On May 9, we arrived at this isle of Lobos de la Mar and came to an anchor with our prize. This Lobos consists indeed of two little islands, each about a mile round, of an indifferent height, a small channel between, fit for boats only; and several rocks lying on the north side of the islands, a little way from shore.
There is a small cove or sandy bay sheltered from the winds at the west end of the eastermost island, where ships may careen: the rest of the shore, as well round the two islands as between them, is a rocky coast consisting of small cliffs.

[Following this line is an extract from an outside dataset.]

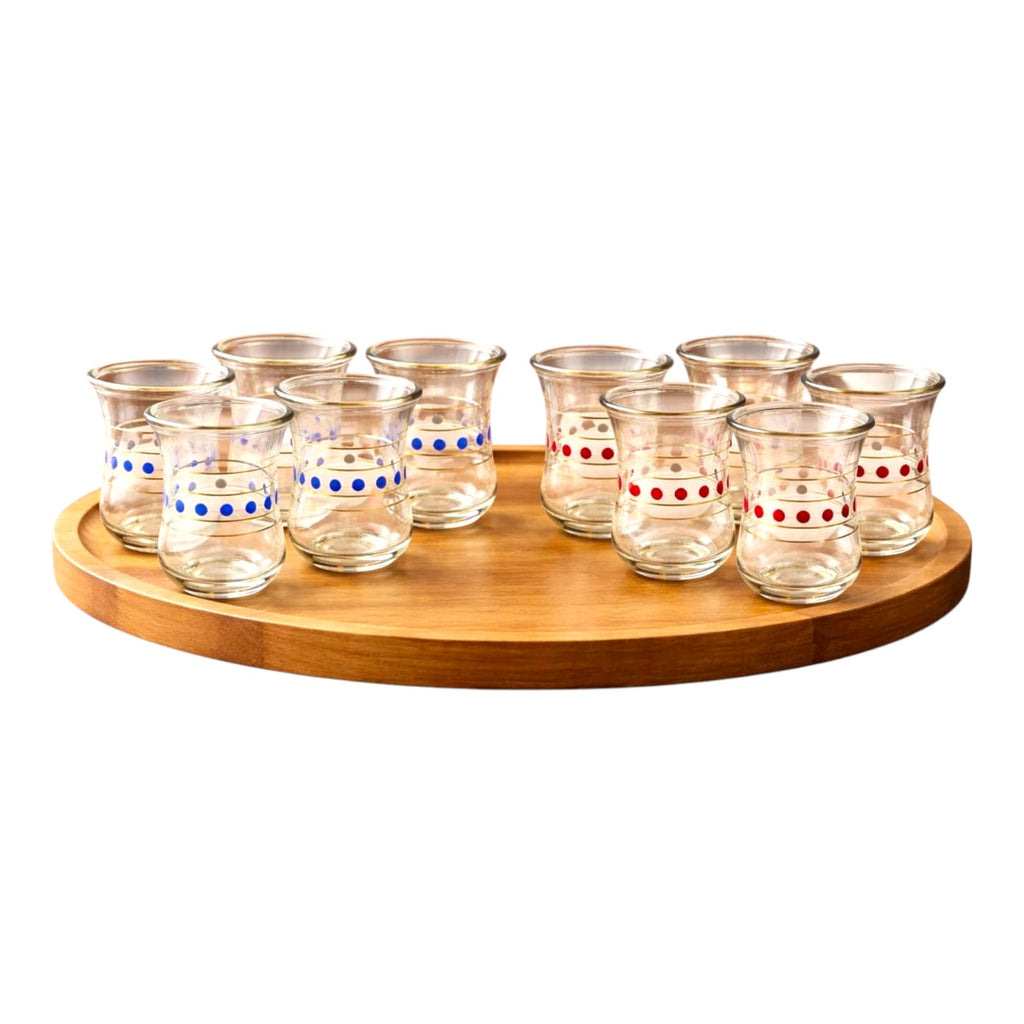 أكواب الشاي الكويتية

Within land they are both of them partly rocky, and partly sandy, barren, without any fresh water, tree, shrub, grass, or herbs; or any land animals (for the seals and sea-lions come ashore here) but fowls, of which there are great multitudes; as boobies, but mostly penguins, which I have seen plentifully all over the South Seas, on the coast of Newfoundland, and of the Cape of Good Hope.
They are a sea-fowl, about as big as a duck, and such feet; but a sharp bill, feeding on fish. They do not fly, but flutter, having rather stumps like a young gosling’s than wings: and these are instead of fins to them in the water. Their feathers are downy.
Their flesh is but ordinary food but their eggs are good meat. There is another sort of small black fowl that makes holes in the sand for their night habitations whose flesh is good sweet meat. I never saw any of them but here and at Juan Fernandez.
There is good riding between the eastermost island and the rocks in ten, twelve, or fourteen fathom, for the wind is commonly at south or south-south-east, and the eastermost island lying east and west, shelters that road.
Here we scrubbed our ships and, being in a readiness to sail, the prisoners were examined to know if any of them could conduct us to some town where we might make some attempt; for they had before informed us that we were descried by the Spaniards, and by that we knew that they would send no riches by sea so long as we were here.
Many towns were considered on, as Guayaquil, Zana, Truxillo, and others: at last Truxillo was pitched on as the most important, therefore the likeliest to make us a voyage if we could conquer it: which we did not much question though we knew it to be a very populous city.
But the greatest difficulty was in landing; for Guanchaquo, which is the nearest sea port to it, but six miles off, is an ill place to land, since sometimes the very fishermen that live there are not able to go in three or four days.